T-Mobile US, Dish Network management structure part of discussion
T-Mobile US and Dish Network appear to be following the current consolidation trend in the media and communication industry.
The Wall Street Journal reported that merger talks between the two companies are in the “formative stage” and it is not yet close to a done deal.
However, the two sides have discussed how the management structure at the top would look. They have reportedly agreed that Dish Network CEO, Charlie Ergen, would become chairman of the new combined entity and T-Mobile US CEO, John Legere, would continue his role as CEO.
This is the most recent of many potential mergers for telecom operators looking to expand into TV and broadband markets, with T-Mobile US at risk of becoming the lone single-service provider left in the market.
AT&T is awaiting approval for a $49 billion deal with DirectTV that it hopes will help it become a leading mobile, video and broadband content provider.
Sprint recently absorbed Radio Shack to improve its brick-and-mortar reach across the country and Verizon became a cable provider with the launch of Verizon FiOS.
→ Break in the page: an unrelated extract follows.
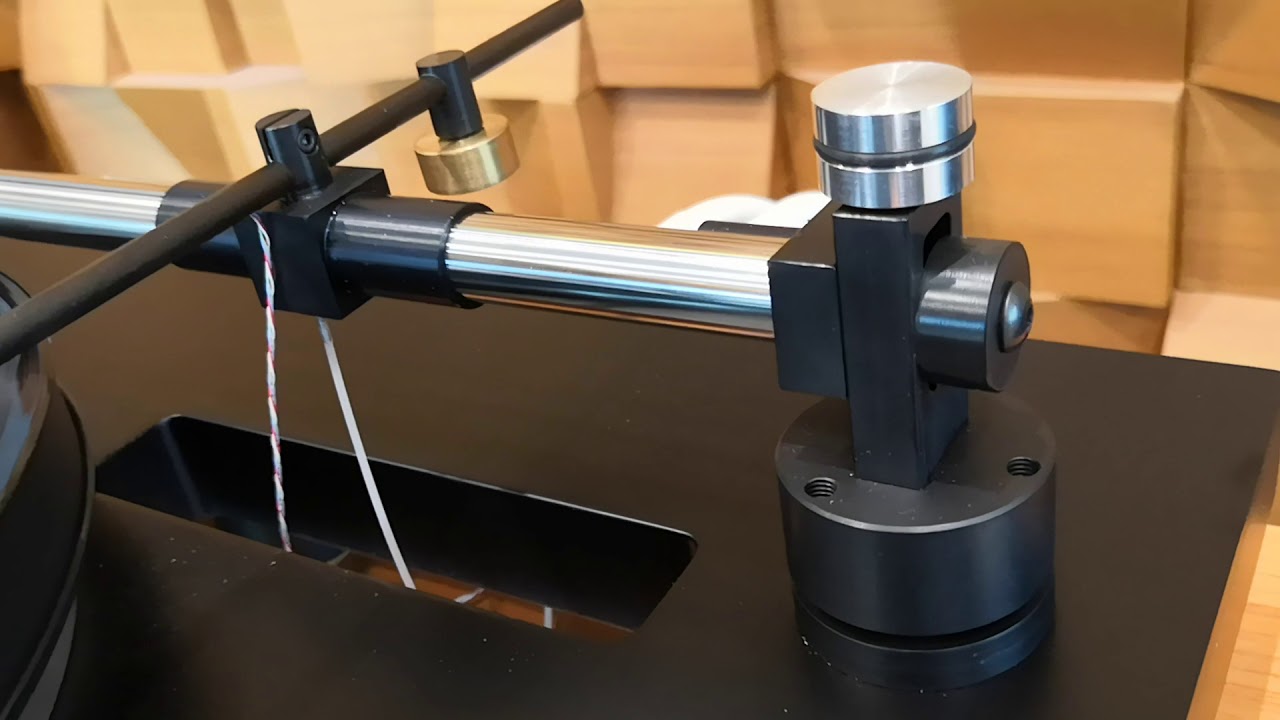 Holbo Airbearing Turntable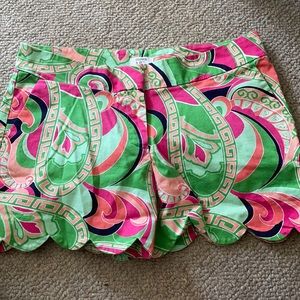 Crown and Ivy Scalloped shorts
T-Mobile US has been amping up its campaign to become more competitive with AT&T and Verizon and overtake Sprint to be the third-largest carrier in the United States. T-Mobile has been gaining ground by signing up 1.8 million new subscribers in the first quarter of this year, but that has created a growing need for new spectrum. Dish Network currently has lots of unused spectrum because they have no network, so it seems that the two companies’ assets would nicely complement each other.
This is not the first time Dish Network has tried get into the telecommunications field. In 2013, it bid against SoftBank to acquire Sprint Nextel. Dish also made a failed attempt to buy Clearwire.
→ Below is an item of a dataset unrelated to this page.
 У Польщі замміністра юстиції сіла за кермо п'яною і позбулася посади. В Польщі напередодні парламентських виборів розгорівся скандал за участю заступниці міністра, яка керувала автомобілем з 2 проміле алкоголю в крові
There has reportedly been no discussion about a potential purchase price or how the deal will be funded.
T-Mobile US has a market capitalization of $31 billion, while Dish currently stands at $33 billion.
Analyst Kevin Smithen of Macquarie Securities believes the potential merger could free up spectrum for competitors.
According to the FCC, Dish invested in two small companies that were bidders in the recent AWS spectrum auction. Both companies qualified for discounts because their annual revenues qualified them as “designated entities.” The spectrum has gone to Dish, with $14 billion in revenue, which does not qualify as a designated entity. So now the FCC is reportedly considering revoking the group’s bidding credits, which totaled about $3 billion.